►
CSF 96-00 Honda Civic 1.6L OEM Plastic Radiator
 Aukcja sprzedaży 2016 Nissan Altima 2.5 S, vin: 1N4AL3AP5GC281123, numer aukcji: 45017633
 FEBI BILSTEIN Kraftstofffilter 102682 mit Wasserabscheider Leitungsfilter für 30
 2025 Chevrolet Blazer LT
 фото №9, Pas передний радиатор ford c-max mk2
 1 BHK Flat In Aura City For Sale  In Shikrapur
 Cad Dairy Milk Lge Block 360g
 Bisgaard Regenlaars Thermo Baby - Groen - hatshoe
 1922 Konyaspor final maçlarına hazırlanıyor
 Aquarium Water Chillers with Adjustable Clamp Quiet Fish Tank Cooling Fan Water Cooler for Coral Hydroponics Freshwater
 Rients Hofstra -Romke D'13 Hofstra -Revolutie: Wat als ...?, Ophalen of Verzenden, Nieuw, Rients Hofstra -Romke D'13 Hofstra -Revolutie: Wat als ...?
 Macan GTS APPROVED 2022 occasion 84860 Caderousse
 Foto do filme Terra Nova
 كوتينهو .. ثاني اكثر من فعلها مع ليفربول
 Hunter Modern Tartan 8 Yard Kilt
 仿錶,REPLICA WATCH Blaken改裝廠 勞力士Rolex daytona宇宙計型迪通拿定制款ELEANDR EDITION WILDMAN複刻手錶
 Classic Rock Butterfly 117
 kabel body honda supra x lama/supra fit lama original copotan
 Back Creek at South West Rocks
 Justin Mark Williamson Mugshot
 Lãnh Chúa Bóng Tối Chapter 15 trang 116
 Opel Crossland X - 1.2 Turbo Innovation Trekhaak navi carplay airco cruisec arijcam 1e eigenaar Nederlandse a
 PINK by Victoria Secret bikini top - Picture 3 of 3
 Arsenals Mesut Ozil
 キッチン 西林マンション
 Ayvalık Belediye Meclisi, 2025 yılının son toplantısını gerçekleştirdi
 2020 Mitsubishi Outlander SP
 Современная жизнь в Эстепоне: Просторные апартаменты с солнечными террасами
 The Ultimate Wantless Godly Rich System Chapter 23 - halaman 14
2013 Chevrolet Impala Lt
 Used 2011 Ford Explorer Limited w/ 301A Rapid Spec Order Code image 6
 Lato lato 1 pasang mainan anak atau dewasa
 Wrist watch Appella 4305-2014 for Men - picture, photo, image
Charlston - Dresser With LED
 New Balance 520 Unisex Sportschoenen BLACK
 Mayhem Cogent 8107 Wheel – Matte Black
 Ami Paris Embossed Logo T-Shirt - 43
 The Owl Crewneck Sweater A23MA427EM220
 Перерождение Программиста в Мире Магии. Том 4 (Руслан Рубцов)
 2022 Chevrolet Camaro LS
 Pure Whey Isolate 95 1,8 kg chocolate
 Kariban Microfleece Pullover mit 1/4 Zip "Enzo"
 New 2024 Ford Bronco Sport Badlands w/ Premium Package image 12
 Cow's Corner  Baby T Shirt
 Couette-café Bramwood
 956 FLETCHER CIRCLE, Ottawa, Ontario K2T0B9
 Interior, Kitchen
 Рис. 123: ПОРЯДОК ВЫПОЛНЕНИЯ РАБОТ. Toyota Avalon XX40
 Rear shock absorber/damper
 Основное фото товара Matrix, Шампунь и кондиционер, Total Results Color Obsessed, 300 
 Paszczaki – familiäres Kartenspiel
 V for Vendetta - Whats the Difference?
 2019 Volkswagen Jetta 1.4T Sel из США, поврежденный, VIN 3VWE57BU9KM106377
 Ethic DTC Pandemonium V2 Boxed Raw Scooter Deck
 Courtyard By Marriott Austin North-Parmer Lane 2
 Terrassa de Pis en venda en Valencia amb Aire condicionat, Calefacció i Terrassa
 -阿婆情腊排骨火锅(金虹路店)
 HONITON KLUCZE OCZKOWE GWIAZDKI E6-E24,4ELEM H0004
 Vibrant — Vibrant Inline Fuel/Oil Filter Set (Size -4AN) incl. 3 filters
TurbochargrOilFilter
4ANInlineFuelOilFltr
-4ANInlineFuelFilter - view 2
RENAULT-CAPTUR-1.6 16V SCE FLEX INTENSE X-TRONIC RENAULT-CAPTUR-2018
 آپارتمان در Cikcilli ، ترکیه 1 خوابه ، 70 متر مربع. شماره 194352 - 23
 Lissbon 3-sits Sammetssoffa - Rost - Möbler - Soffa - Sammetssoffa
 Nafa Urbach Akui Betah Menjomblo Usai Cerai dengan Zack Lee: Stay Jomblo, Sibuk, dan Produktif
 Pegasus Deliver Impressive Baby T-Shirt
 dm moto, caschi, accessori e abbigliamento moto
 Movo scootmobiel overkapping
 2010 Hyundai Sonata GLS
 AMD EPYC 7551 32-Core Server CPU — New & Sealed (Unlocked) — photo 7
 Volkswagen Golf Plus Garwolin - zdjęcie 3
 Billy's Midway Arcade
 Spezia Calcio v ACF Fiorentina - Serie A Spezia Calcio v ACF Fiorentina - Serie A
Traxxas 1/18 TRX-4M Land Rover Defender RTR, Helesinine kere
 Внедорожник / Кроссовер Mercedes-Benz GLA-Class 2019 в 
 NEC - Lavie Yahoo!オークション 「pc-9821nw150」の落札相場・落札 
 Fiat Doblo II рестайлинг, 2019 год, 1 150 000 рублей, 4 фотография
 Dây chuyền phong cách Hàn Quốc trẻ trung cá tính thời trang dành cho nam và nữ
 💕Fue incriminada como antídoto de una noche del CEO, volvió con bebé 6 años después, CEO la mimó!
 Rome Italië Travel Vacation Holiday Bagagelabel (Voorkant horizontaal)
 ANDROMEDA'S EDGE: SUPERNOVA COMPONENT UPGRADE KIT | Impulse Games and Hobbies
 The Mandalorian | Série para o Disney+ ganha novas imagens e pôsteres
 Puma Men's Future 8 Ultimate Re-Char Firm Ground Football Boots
◄
What you are asked to do —
The first line of the entries, the line with "Kariban Microfleece Pullover", and every line between them should be retyped exactly, and nothing else.

Output of the exercise —
CSF 96-00 Honda Civic 1.6L OEM Plastic Radiator
 Aukcja sprzedaży 2016 Nissan Altima 2.5 S, vin: 1N4AL3AP5GC281123, numer aukcji: 45017633
 FEBI BILSTEIN Kraftstofffilter 102682 mit Wasserabscheider Leitungsfilter für 30
 2025 Chevrolet Blazer LT
 фото №9, Pas передний радиатор ford c-max mk2
 1 BHK Flat In Aura City For Sale  In Shikrapur
 Cad Dairy Milk Lge Block 360g
 Bisgaard Regenlaars Thermo Baby - Groen - hatshoe
 1922 Konyaspor final maçlarına hazırlanıyor
 Aquarium Water Chillers with Adjustable Clamp Quiet Fish Tank Cooling Fan Water Cooler for Coral Hydroponics Freshwater
 Rients Hofstra -Romke D'13 Hofstra -Revolutie: Wat als ...?, Ophalen of Verzenden, Nieuw, Rients Hofstra -Romke D'13 Hofstra -Revolutie: Wat als ...?
 Macan GTS APPROVED 2022 occasion 84860 Caderousse
 Foto do filme Terra Nova
 كوتينهو .. ثاني اكثر من فعلها مع ليفربول
 Hunter Modern Tartan 8 Yard Kilt
 仿錶,REPLICA WATCH Blaken改裝廠 勞力士Rolex daytona宇宙計型迪通拿定制款ELEANDR EDITION WILDMAN複刻手錶
 Classic Rock Butterfly 117
 kabel body honda supra x lama/supra fit lama original copotan
 Back Creek at South West Rocks
 Justin Mark Williamson Mugshot
 Lãnh Chúa Bóng Tối Chapter 15 trang 116
 Opel Crossland X - 1.2 Turbo Innovation Trekhaak navi carplay airco cruisec arijcam 1e eigenaar Nederlandse a
 PINK by Victoria Secret bikini top - Picture 3 of 3
 Arsenals Mesut Ozil
 キッチン 西林マンション
 Ayvalık Belediye Meclisi, 2025 yılının son toplantısını gerçekleştirdi
 2020 Mitsubishi Outlander SP
 Современная жизнь в Эстепоне: Просторные апартаменты с солнечными террасами
 The Ultimate Wantless Godly Rich System Chapter 23 - halaman 14
2013 Chevrolet Impala Lt
 Used 2011 Ford Explorer Limited w/ 301A Rapid Spec Order Code image 6
 Lato lato 1 pasang mainan anak atau dewasa
 Wrist watch Appella 4305-2014 for Men - picture, photo, image
Charlston - Dresser With LED
 New Balance 520 Unisex Sportschoenen BLACK
 Mayhem Cogent 8107 Wheel – Matte Black
 Ami Paris Embossed Logo T-Shirt - 43
 The Owl Crewneck Sweater A23MA427EM220
 Перерождение Программиста в Мире Магии. Том 4 (Руслан Рубцов)
 2022 Chevrolet Camaro LS
 Pure Whey Isolate 95 1,8 kg chocolate
 Kariban Microfleece Pullover mit 1/4 Zip "Enzo"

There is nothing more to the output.